WINNIPEG -- A report that touts the economic benefits of the Manitoba government's infrastructure spending is flawed and tells only one side of the equation, say two economists.

Kevin Milligan, who teaches economics at the University of British Columbia, and Prof. Stephen Gordon from the University of Laval say the report counts the benefits of increased government spending, but ignores any negative economic impact from higher taxes that leave consumers with less money to spend.

"This sort of economic impact assessment is standard fare among think-tanks and is generally given little weight in academia," Gordon wrote in an email Wednesday.

"It looks at the benefits of spending and not the costs of extracting the revenues used to finance that spending."

Milligan called the report an "incomplete analysis."

"The money raised to pay for (the infrastructure) comes out of pockets and also has a negative ... effect, so I would have very little confidence in any such job numbers."

Milligan and Gordon, at the request of The Canadian Press, reviewed the report by the government that said its infrastructure program provided economic benefits of $1 billion last year alone.

The report, prepared by the Conference Board of Canada, said the government spent a total of $844 million on core infrastructure -- roads, bridges and the like. It said that spending was helped in part by $190 million brought in by increasing the provincial sales tax to eight per cent from seven last year. All the infrastructure work led to 8,163 direct and indirect jobs and left workers with $388 million in disposable income, the report said.

It did not calculate how much disposable income was lost in the taxes paid to support the program, or how many jobs would have been created had the money been left in taxpayers' pockets.

Pedro Antunes, a director at the Conference Board of Canada, confirmed the group was only asked by the province to look at the benefits of increased government spending and not factor in the negative impact of higher taxes.

"It's not atypical to do that type of analysis," he said.

Theresa Oswald, the province's minister responsible for jobs and the economy, stood by the report Wednesday. She said boosting spending on infrastructure was a good way to help the economy through a global slowdown.

"We don't believe that an austere, do-nothing approach was the right approach. And, in fact, many governments across the world also chose a stimulus, an investment in infrastructure, option."

Antunes was unable to provide an estimate of how many jobs would have been created had the tax money been left in consumer hands. But generally, he said, infrastructure spending has a multiplying effect because the government money goes to contractors who hire employees, who in turn spend more.

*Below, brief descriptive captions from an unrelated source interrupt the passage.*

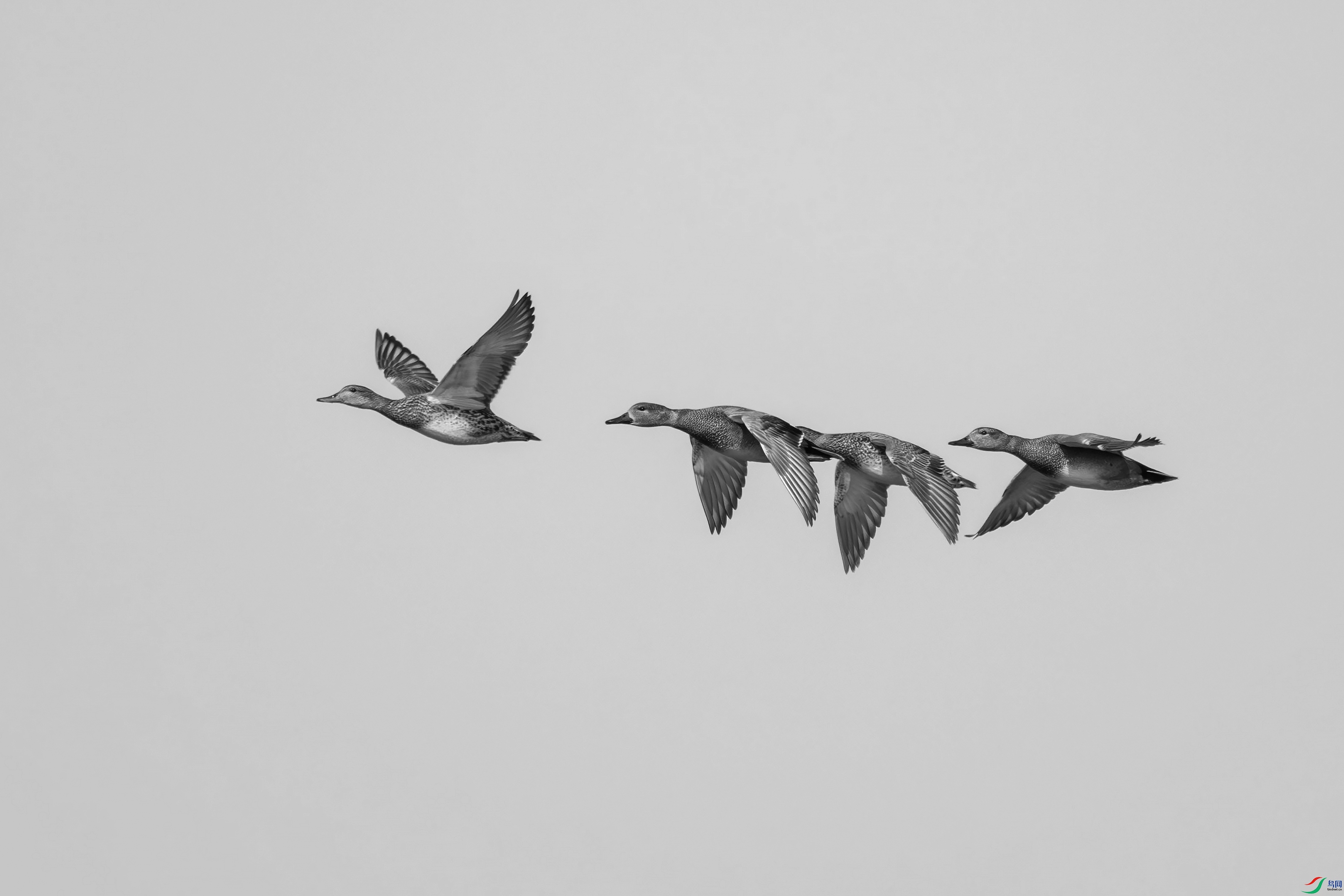 DSC_7039.jpg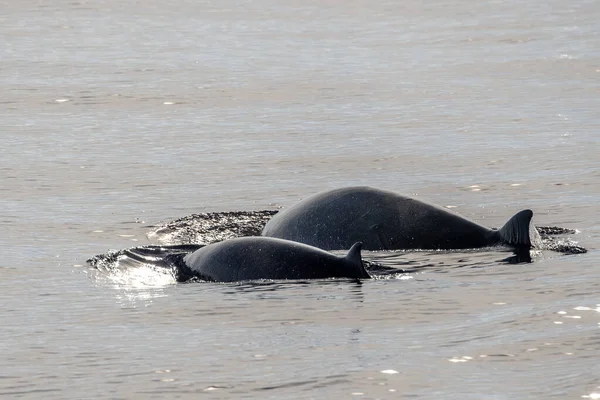 Nom Dauphin Baleine Cuvier Ultra Rare Voir Mère Bébé Veau — Photo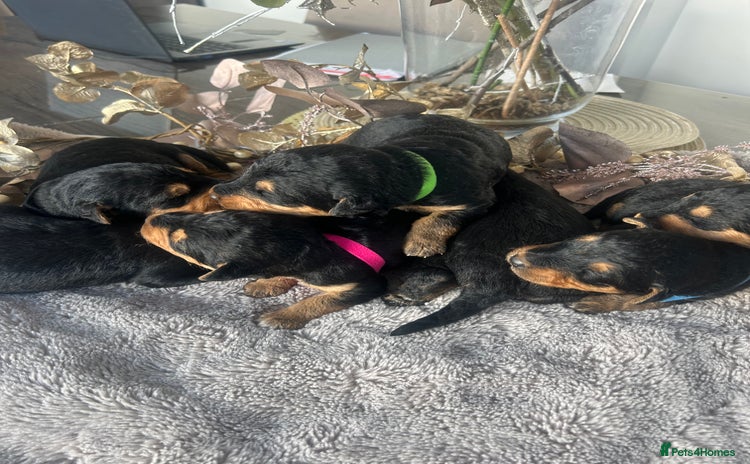 Airedale Terrier dogs Quality Kc registered Airedale terrier puppies  - Advert 4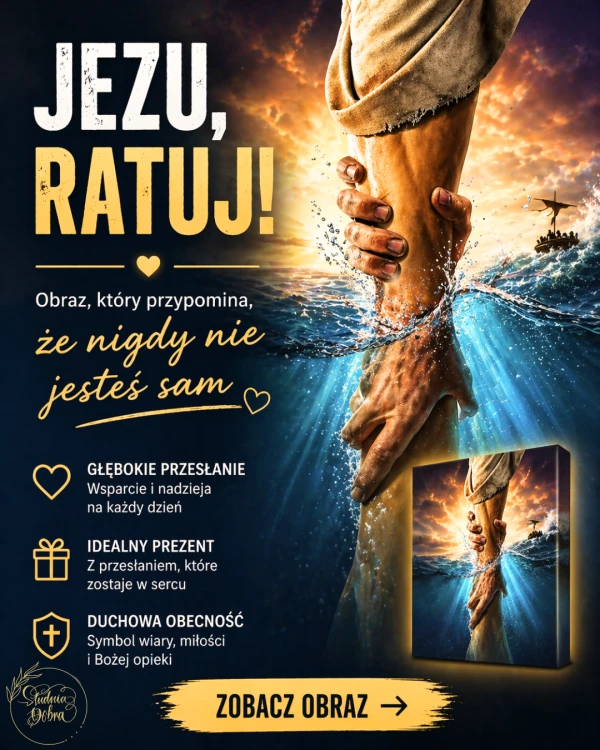 Projekt bez nazwy (3).png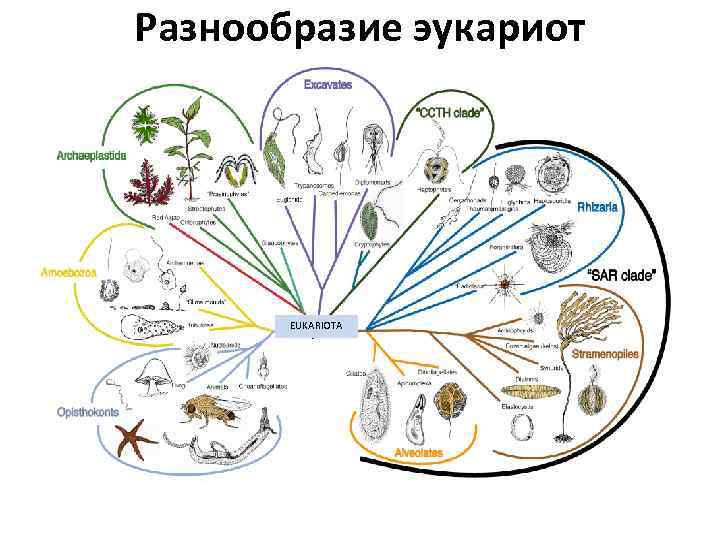 Разнообразие эукариот EUKARIOTA 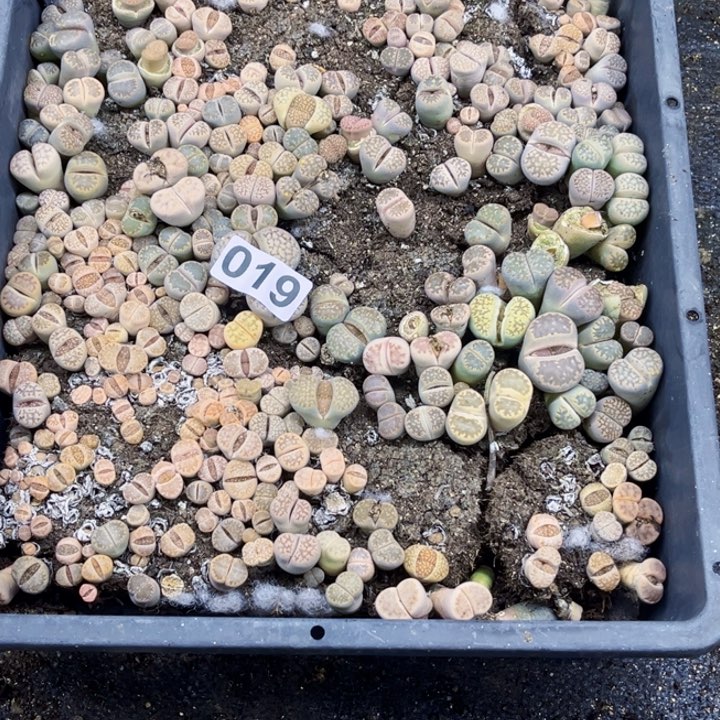 019生石花一物一图如图带框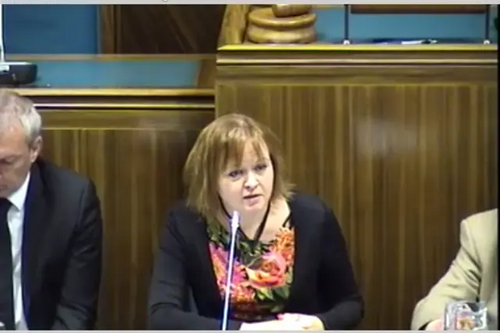 Cllr Karen Chilvers chairs September's Overview and Scrutiny Committee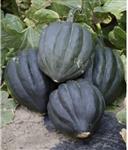 Black Bellota F1 pompoen zaden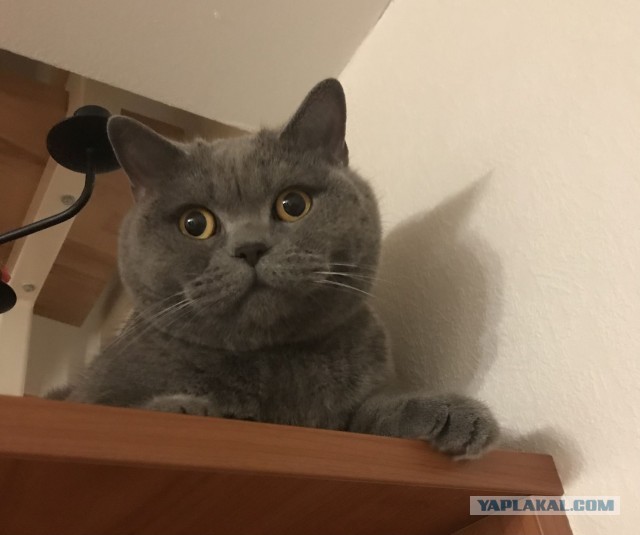 Британец
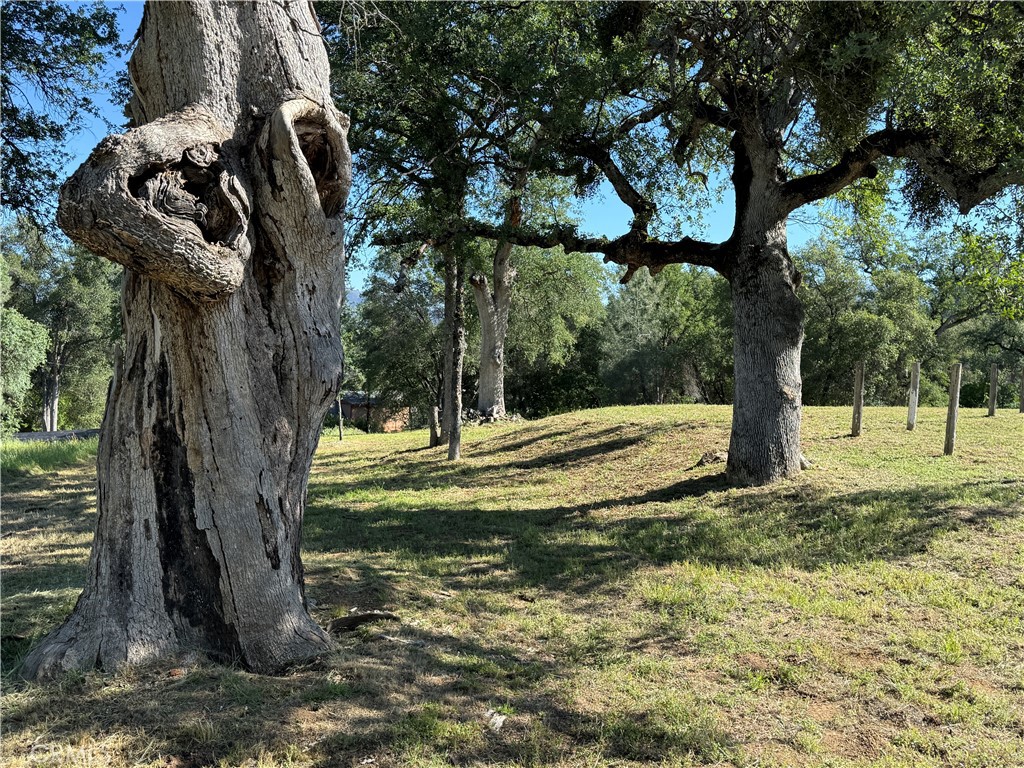 4952 Hidden Springs, Mariposa, CA 95338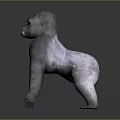 Realistic 3D Gorilla Model in Natural Standing Pose on Dark Background 3d model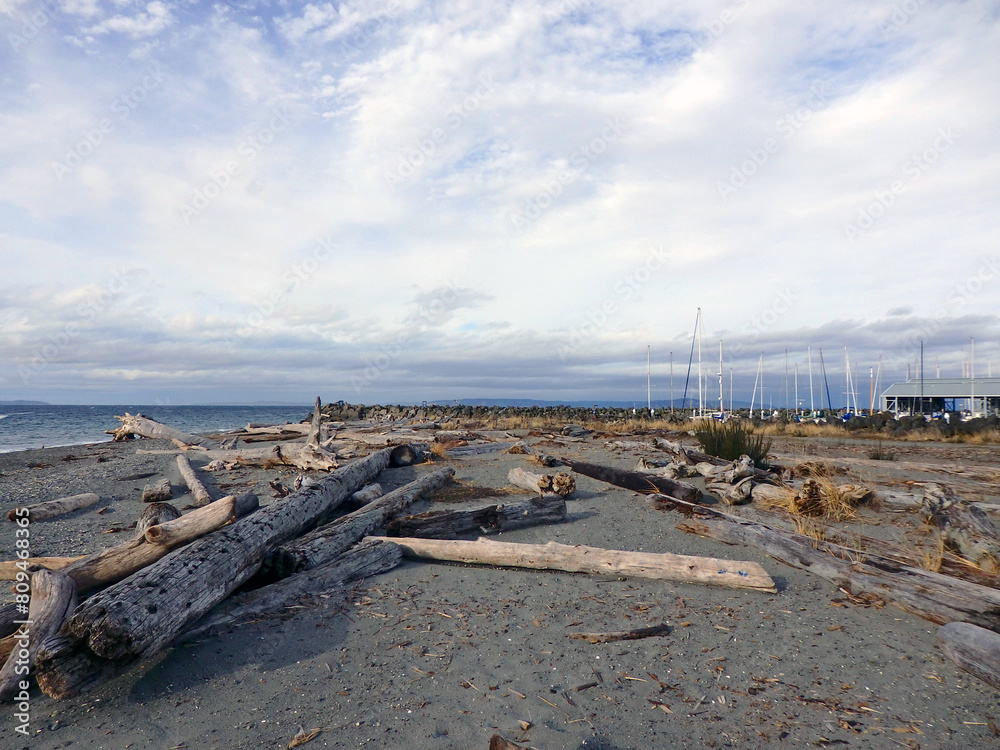 Many logs washed up on the beach at beautiful Richmond Beach Saltwater Park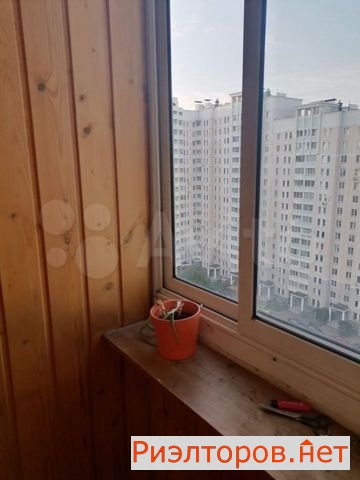 ����� �������� �2010 (���� �12)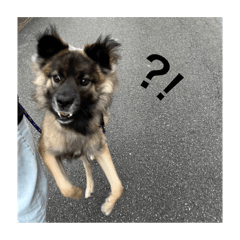 Mimi_20241218121928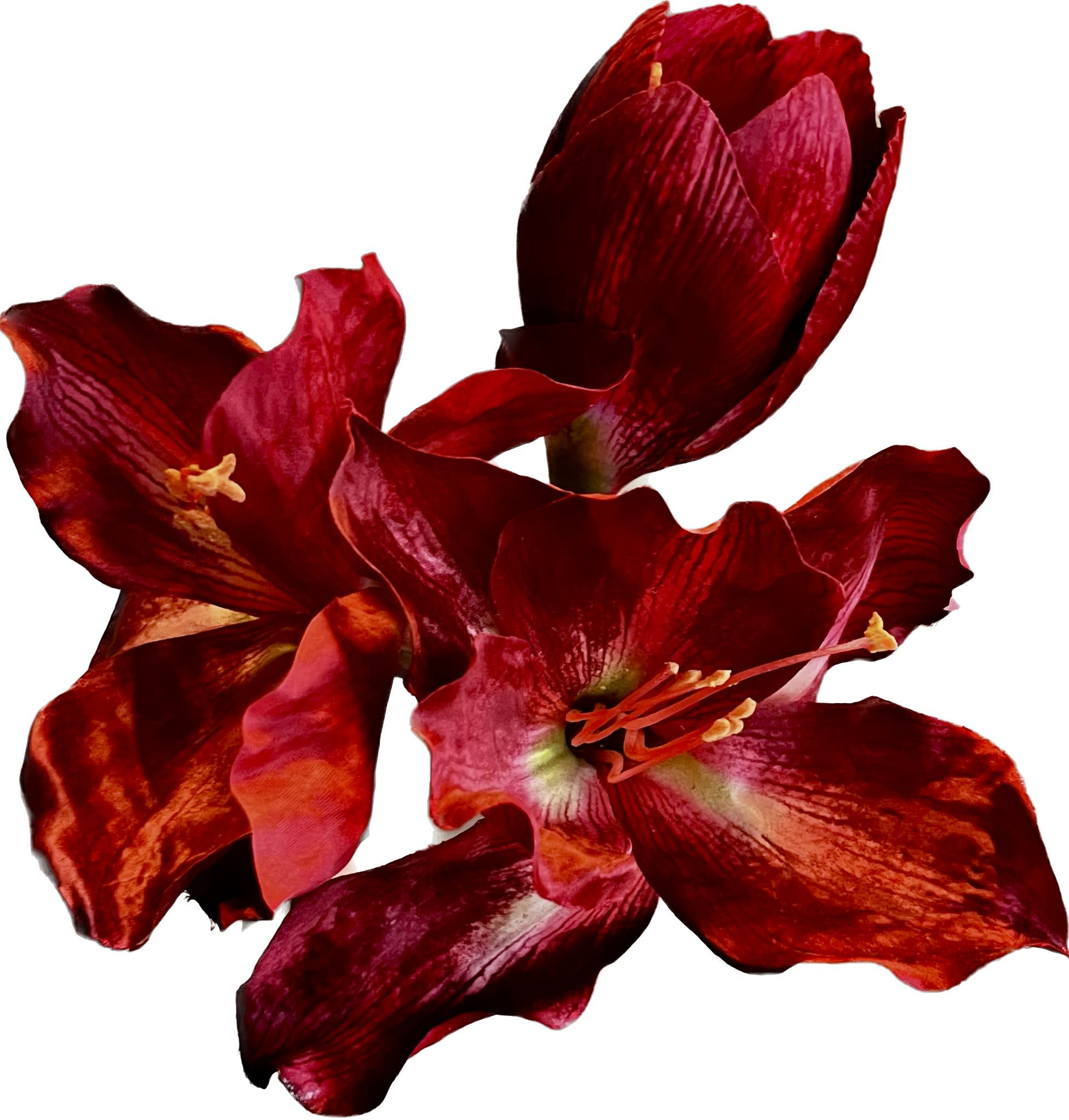 kunstbloem-Amaryllis-rood-80cm-zijdemix-flowerdutchess-2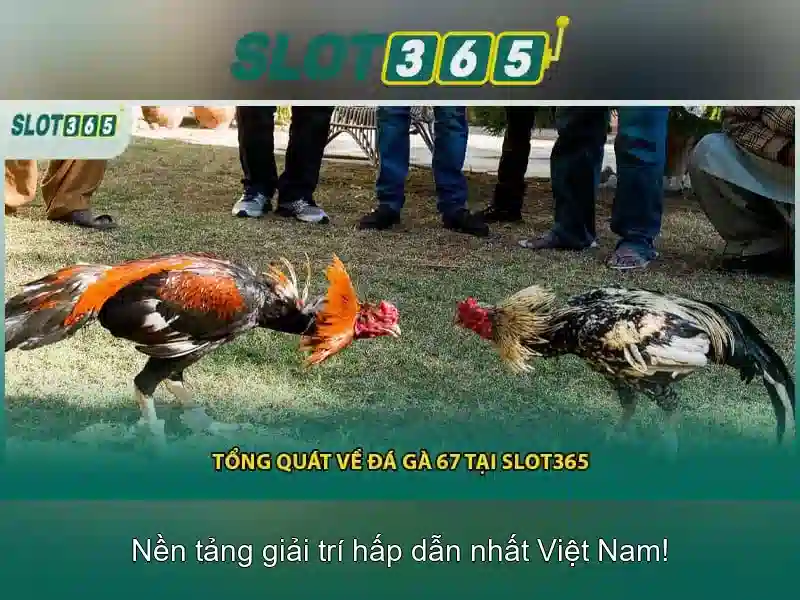 Trò chơi Slot365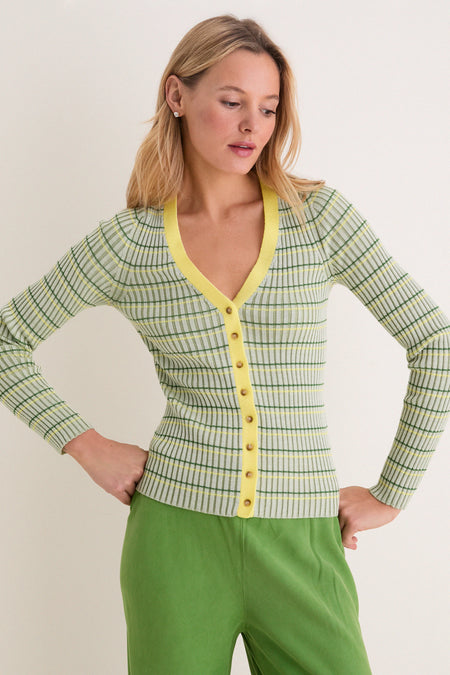 Celadon, Cactus and Sunshine Striped Iggy Cardigan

Lower taxes tend not to boost spending as much because consumers may save some of the money or spend it out of province, he added.

Gordon said there are sometimes no net benefits to government infrastructure programs over consumer spending.

"To a rough approximation, the two offset each other. For small jurisdictions, the costs (of an infrastructure program) could outweigh the benefits, since some of that spending will be on goods and services produced outside Manitoba."

Milligan said there are benefits to infrastructure spending -- bigger roads that let companies move goods to market more quickly, for example -- but "the jobs are incidental."